* Data extracts *
____________
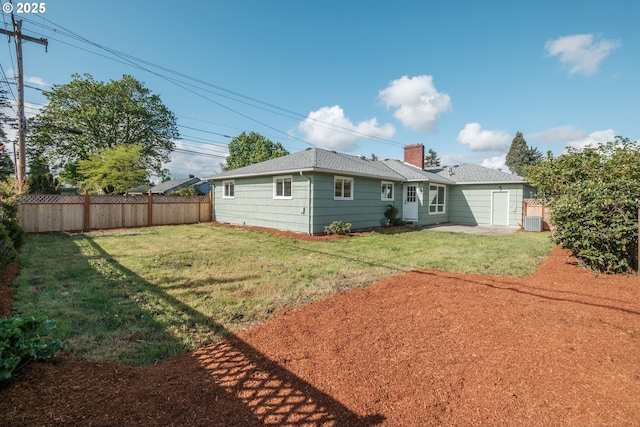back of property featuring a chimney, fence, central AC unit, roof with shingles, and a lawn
____________
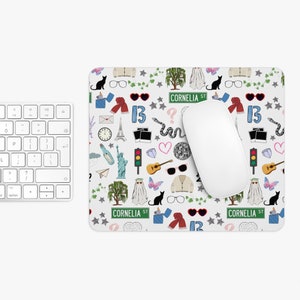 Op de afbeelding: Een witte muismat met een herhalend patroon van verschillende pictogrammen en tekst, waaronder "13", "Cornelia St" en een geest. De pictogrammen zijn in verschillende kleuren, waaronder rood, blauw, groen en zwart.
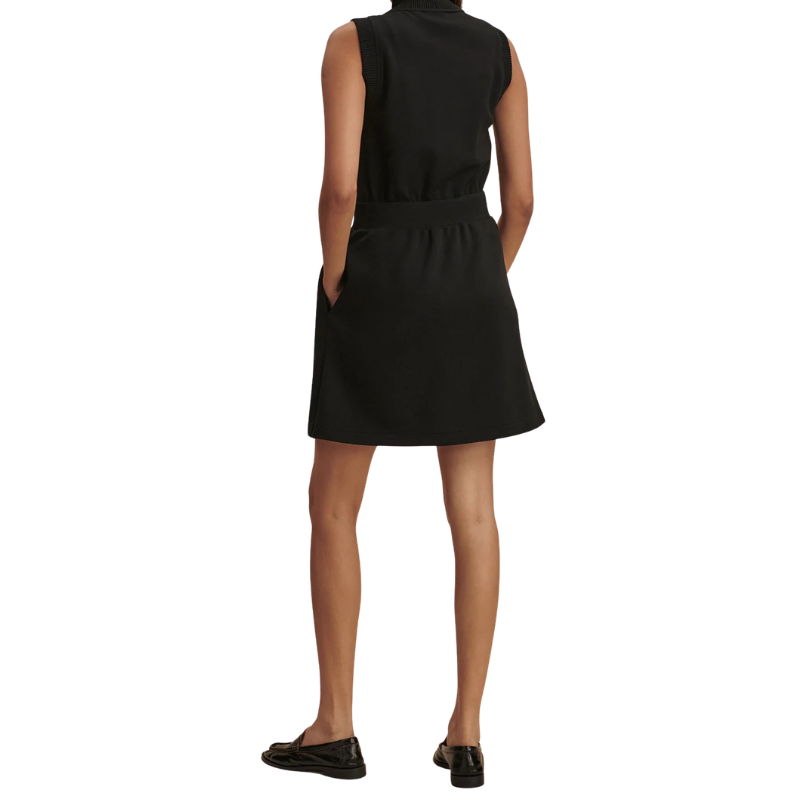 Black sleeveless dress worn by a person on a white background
____________
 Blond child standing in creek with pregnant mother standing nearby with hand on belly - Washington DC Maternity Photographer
____________
* Work item *
From the listing above, please give again the lines that begin with the line holding "Op de afbeelding: Een" and go on through the line holding "Black sleeveless dress", exactly, both ends included, minus any picture.

* Expected output *
 Op de afbeelding: Een witte muismat met een herhalend patroon van verschillende pictogrammen en tekst, waaronder "13", "Cornelia St" en een geest. De pictogrammen zijn in verschillende kleuren, waaronder rood, blauw, groen en zwart.
 Black sleeveless dress worn by a person on a white background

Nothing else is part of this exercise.